Data for processing ▸
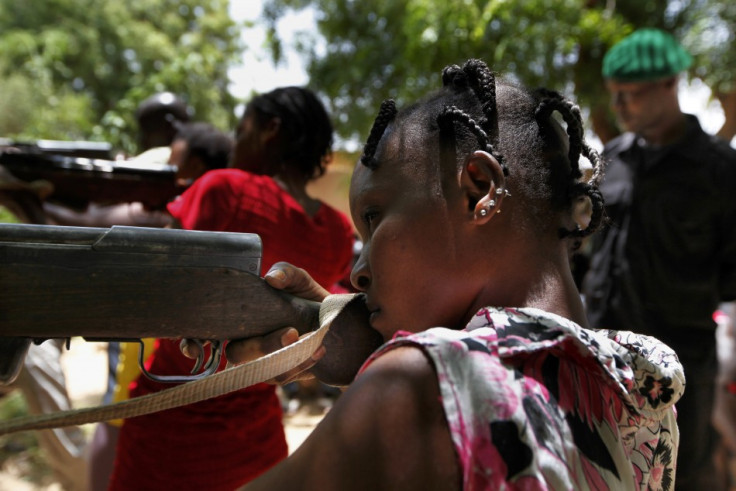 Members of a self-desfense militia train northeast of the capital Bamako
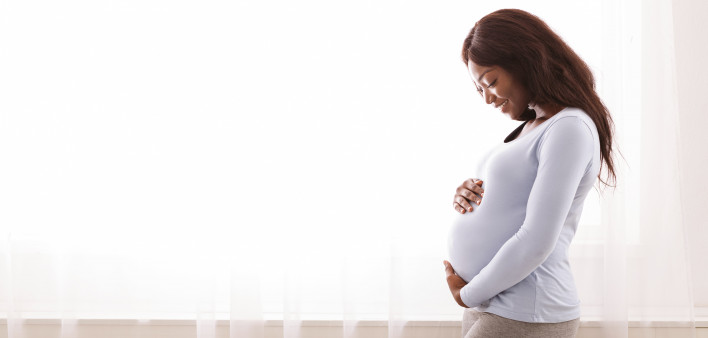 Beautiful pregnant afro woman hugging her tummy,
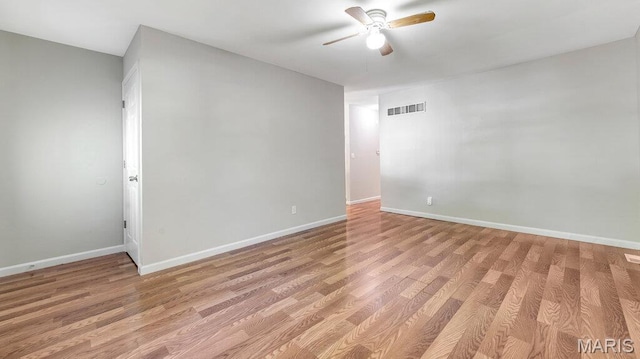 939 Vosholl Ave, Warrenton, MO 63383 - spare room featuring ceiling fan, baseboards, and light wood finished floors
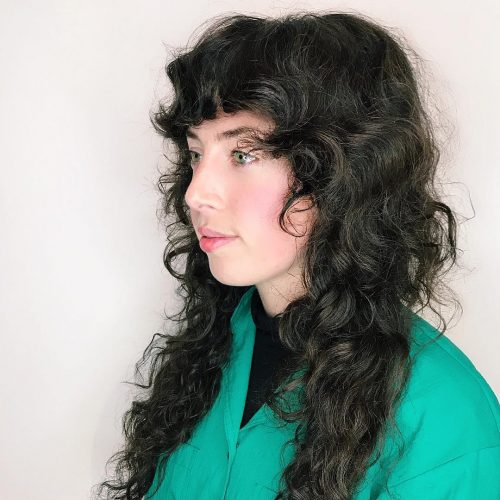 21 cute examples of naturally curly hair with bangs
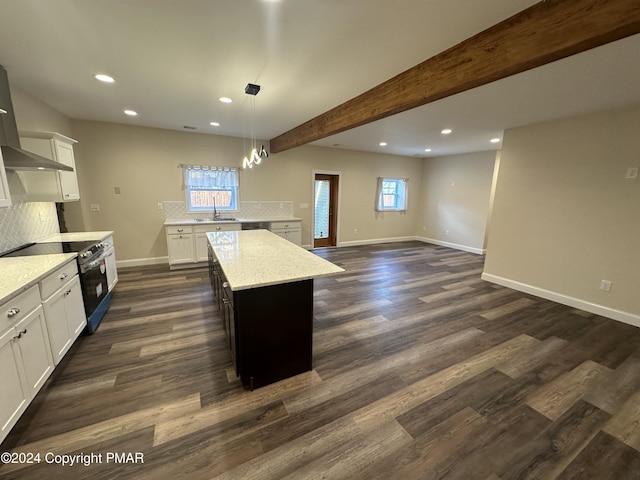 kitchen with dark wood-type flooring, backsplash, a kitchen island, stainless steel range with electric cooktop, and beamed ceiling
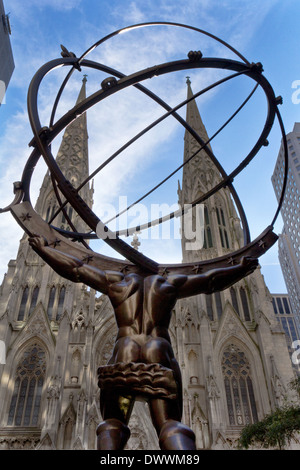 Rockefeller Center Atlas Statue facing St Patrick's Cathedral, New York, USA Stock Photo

* * *

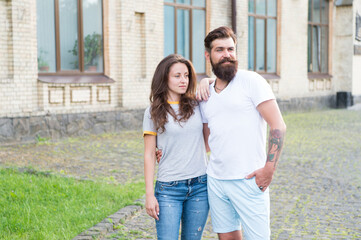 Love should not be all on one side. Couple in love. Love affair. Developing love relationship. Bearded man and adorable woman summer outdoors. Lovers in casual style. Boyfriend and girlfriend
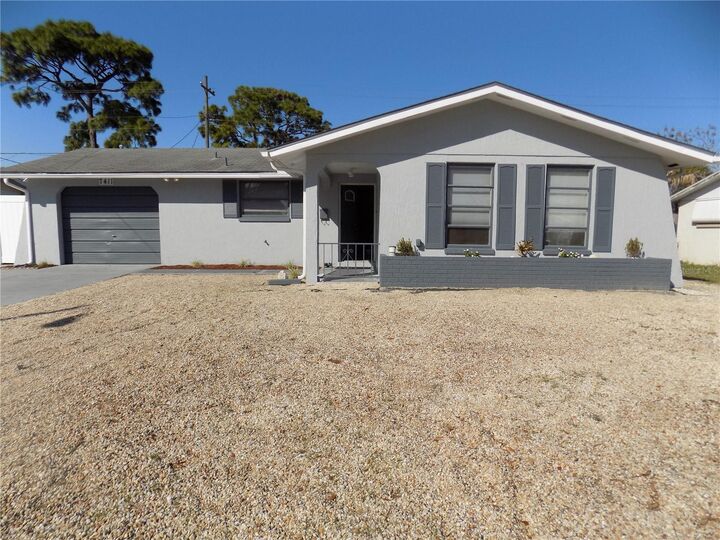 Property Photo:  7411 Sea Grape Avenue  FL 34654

Work instructions ▸
All pictures are to be skipped. Output, word for word, the lines in the data above starting at the line containing "939 Vosholl Ave, Warrenton, MO" and ending at the line containing "Rockefeller Center Atlas".

Task answer ▸
 939 Vosholl Ave, Warrenton, MO 63383 - spare room featuring ceiling fan, baseboards, and light wood finished floors
 21 cute examples of naturally curly hair with bangs
 kitchen with dark wood-type flooring, backsplash, a kitchen island, stainless steel range with electric cooktop, and beamed ceiling
 Rockefeller Center Atlas Statue facing St Patrick's Cathedral, New York, USA Stock Photo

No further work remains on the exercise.